Jobs get double processed (if removed immediately upon completion)
Created by: bradvogel
There exists a situation where a job can get processed a second time by the processStalledJobs
periodic cleanup job. This only happens when jobs are removed upon completion by the worker that processed them (a common pattern - see #354 (closed)).
We only discovered this because we saw Error: Missing Job xx when trying to move from active to completed
show up in our server logs that is running a high-volume (100/events/sec) Bull queue.
This is how it happens:
Time | Process A | Process B |
---|---|---|
1 | In the regular Bull run loop of Process A, getNextJob moves a job from wait to active
|
|
2 | In Process B, processStalledJob happens to run, pulls all active jobs (this.client.lrangeAsync(this.toKey('active') ), and beings to iterate over them |
|
3 | processes the job normally | pulls job data via Job.fromId (the job data still exists at this point) |
4 | completes processing the job and the application code calls job.remove() which removes the job data and the lock |
|
5 | calls scripts.getStalledJob which only checks if the job is in completed (which it isn't anymore so it continues to grab the lock) |
|
6 | job is processed again | |
7 | upon job completion, Error: Missing Job 59694333 when trying to move from active to completed is thrown because the job data doesn't exist anymore |
Perhaps a solution here is to have scripts.getStalledJob
ensure the job is in the active
state, not merely checking if it's not in completed
- since now we know that it could have been removed prior to this check.
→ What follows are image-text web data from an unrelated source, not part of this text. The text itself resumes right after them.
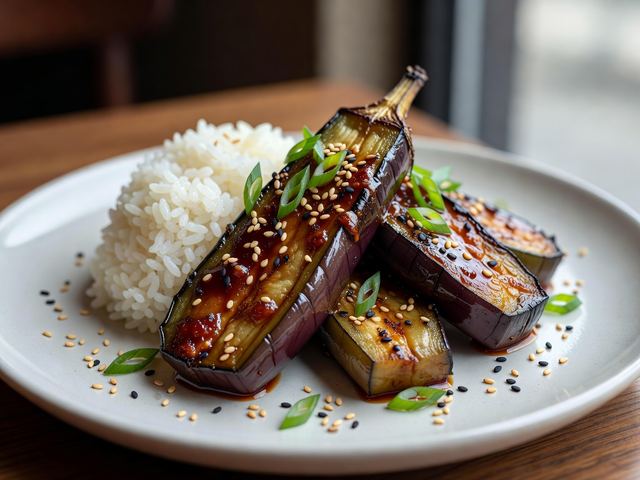Miso Glazed Eggplant
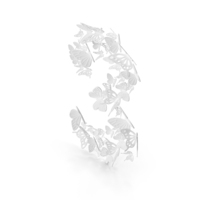 Monochrome Butterflies Number 3 PNG & PSD Images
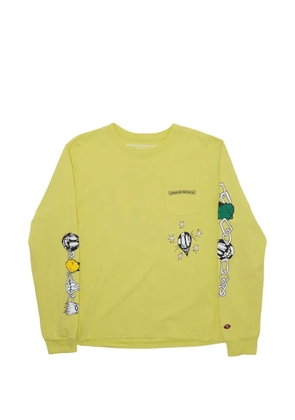 Chrome Hearts Matty Boy long sleeve pocket T-shirt - Green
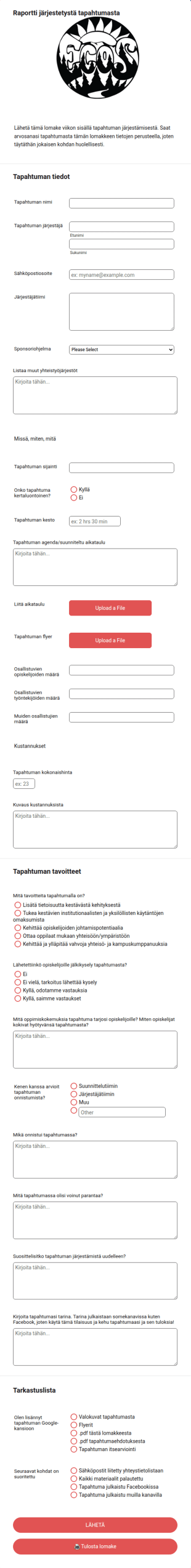 ECOS Raportti Järjestetystä Tapahtumasta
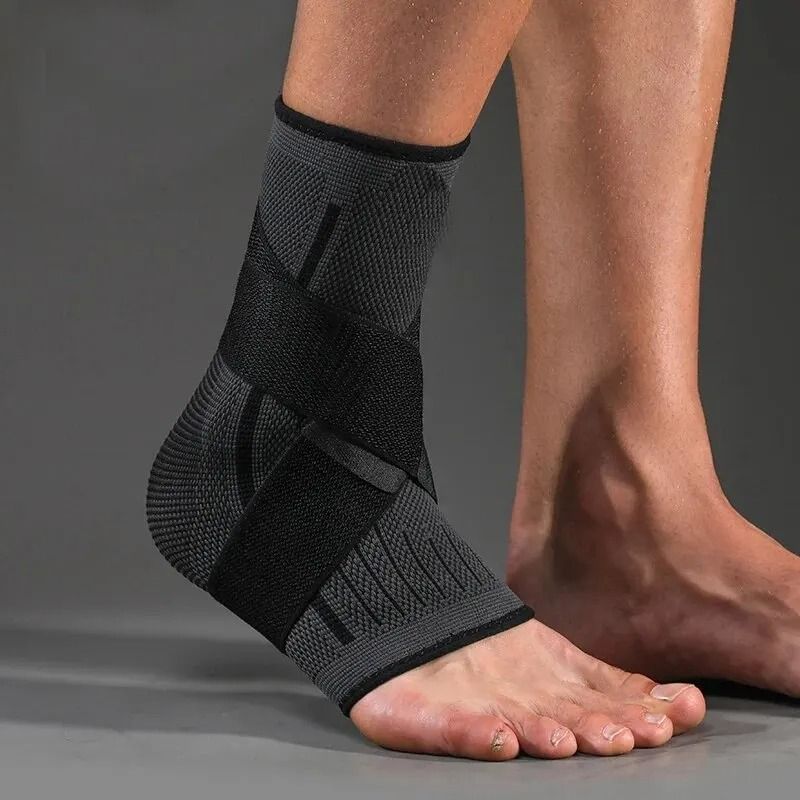 Adjustable Compression Ankle Support for Running Hiking and Sports Protection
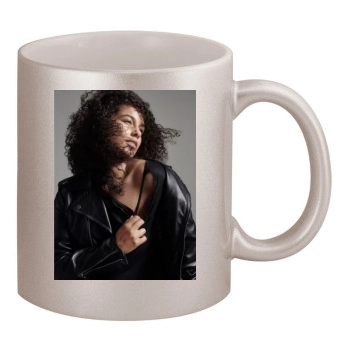 Alicia Keys 11oz Metallic Silver Mug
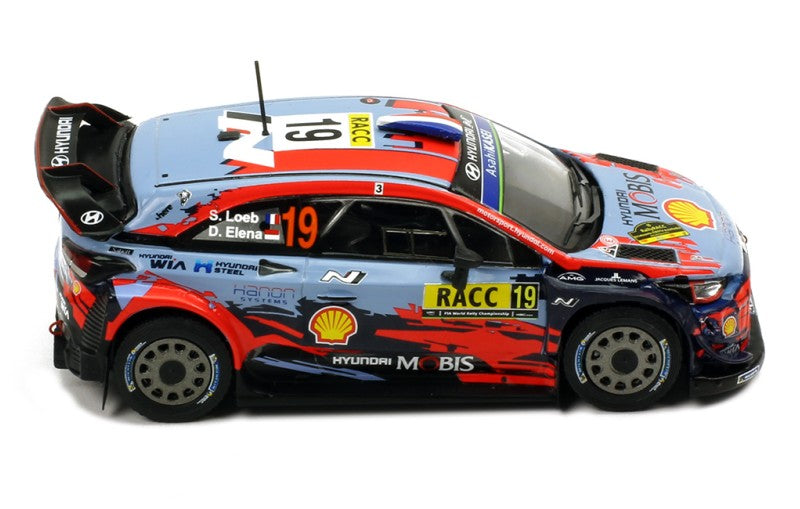 IXO 1:43 Scale Diecast Model Car - Hyundai i20 No.19 WRC Rally Catalunya 2019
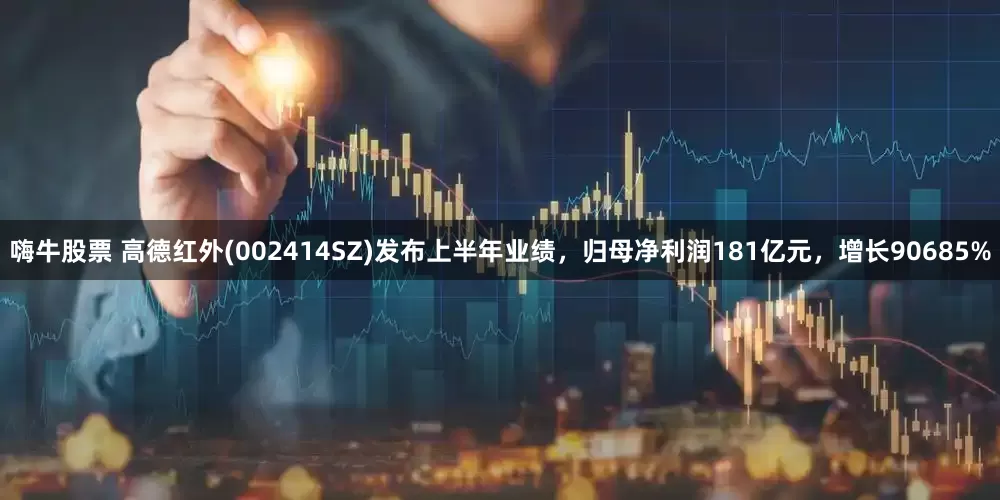 嗨牛股票 高德红外(002414SZ)发布上半年业绩，归母净利润181亿元，增长90685%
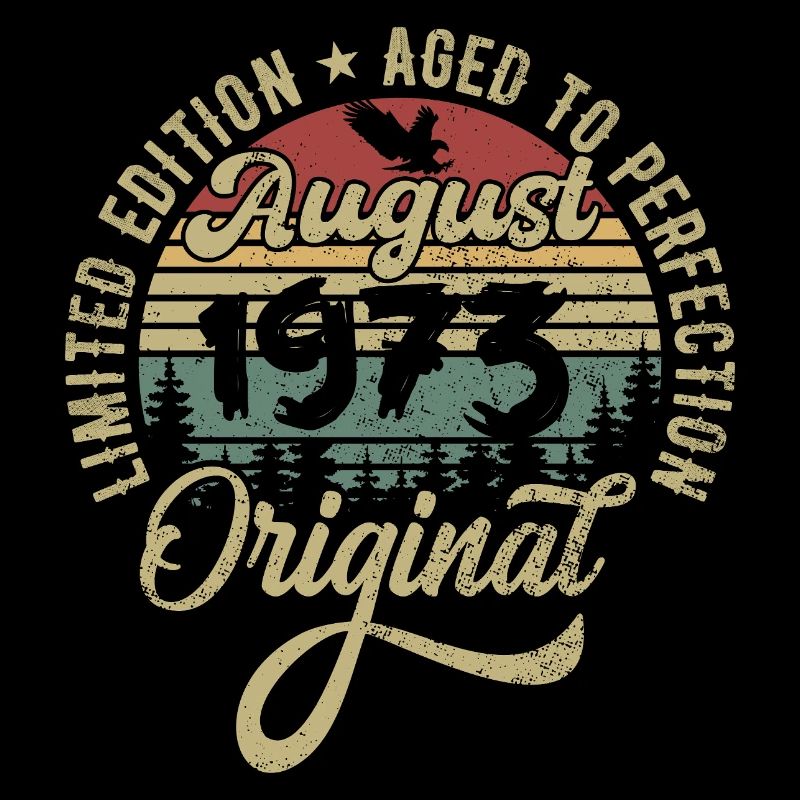 August 1973 Birthday present August 1973 August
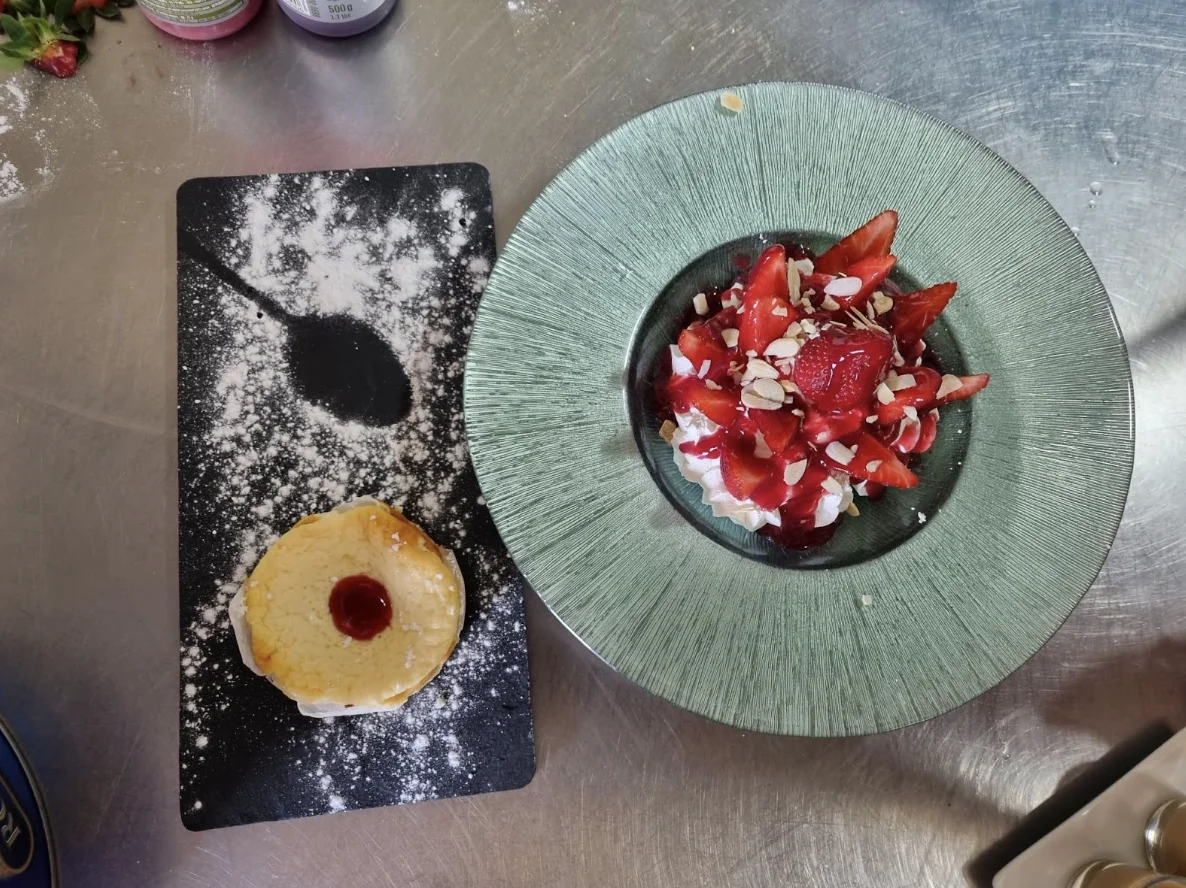 tarta de queso y fresa El Rincon del Ángel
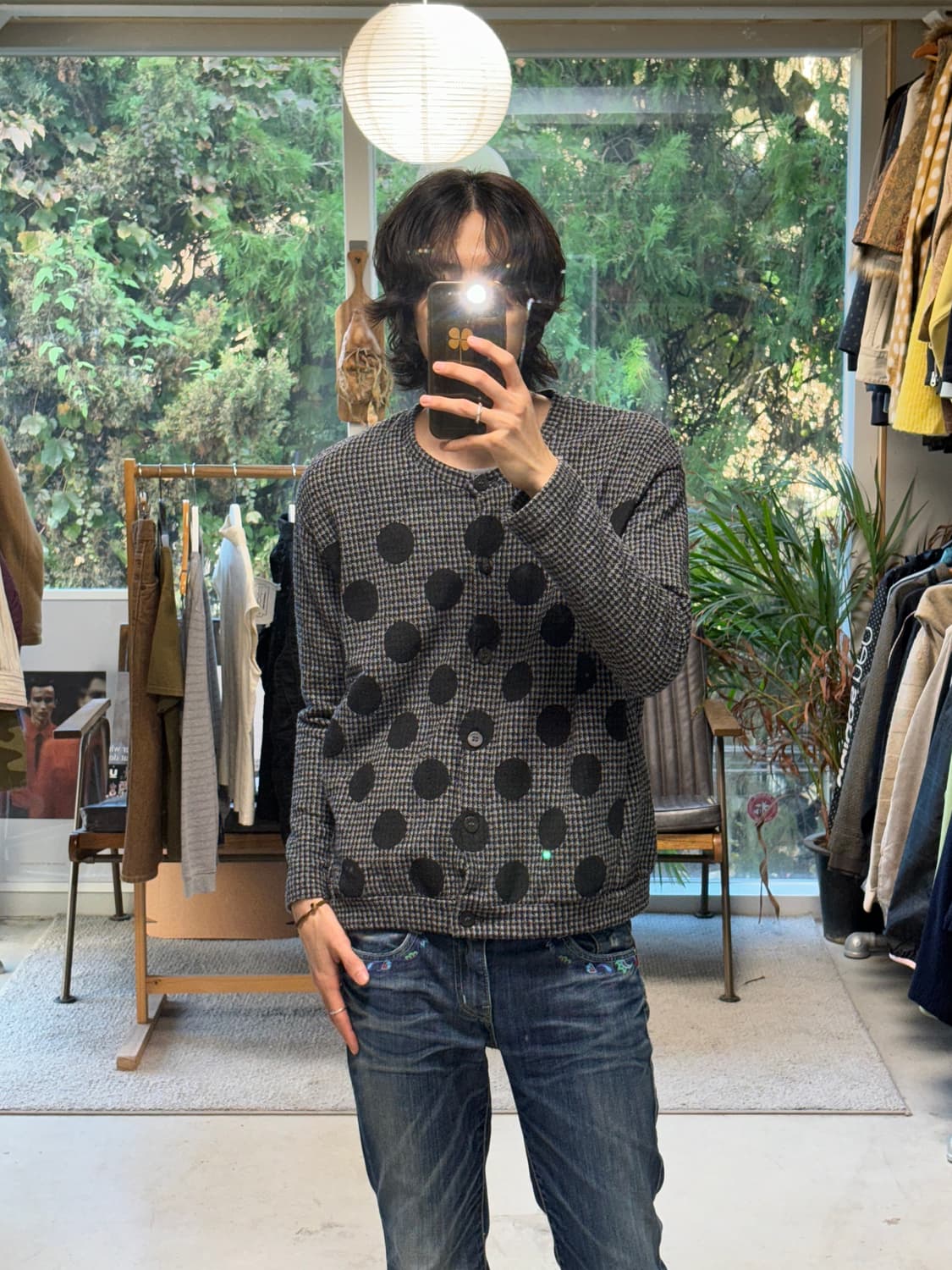 Y's for living 도트 건클럽 가디건 상품이미지3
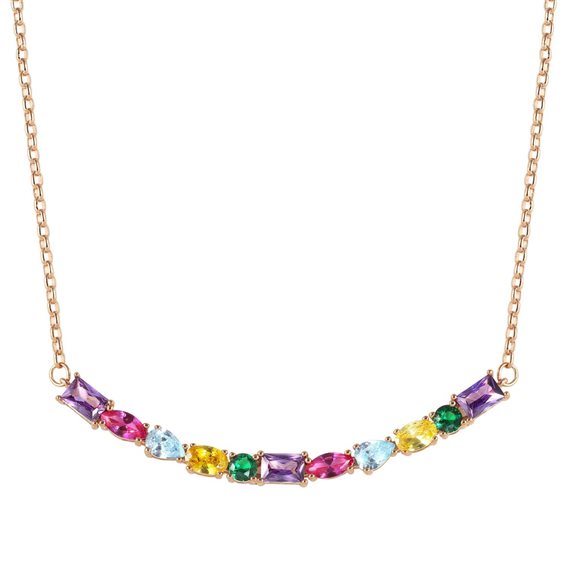 Collana Nomination Donna Colour Wave in Argento Zircone 149802/026 - 149802/026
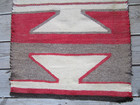 Antique Navajo Rug   Childs   Saddle Blanket - 22  X 43 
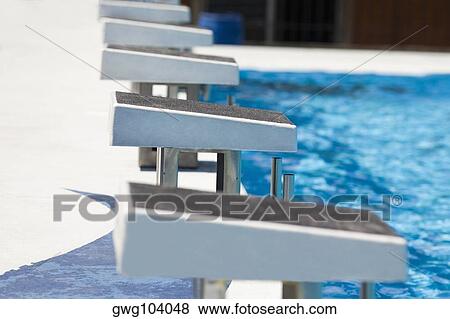 Diving platform at a swimming pool View Large Photo Image Stock Photo - Diving platform at a swimming pool. Fotosearch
So if a job is in active
AND doesn't have an existing lock, then processStalledJobs knows that another worker isn't processing it. However, since the active
queue is a LIST, checking the existence of the element in the list is expensive (requires list iteration in the lua script).
Our temporary workaround is to delay calling job.remove()
at the completion of the job to leave around a 'tombstone' so processStalledJobs
will see it in the completed queue and skip over it.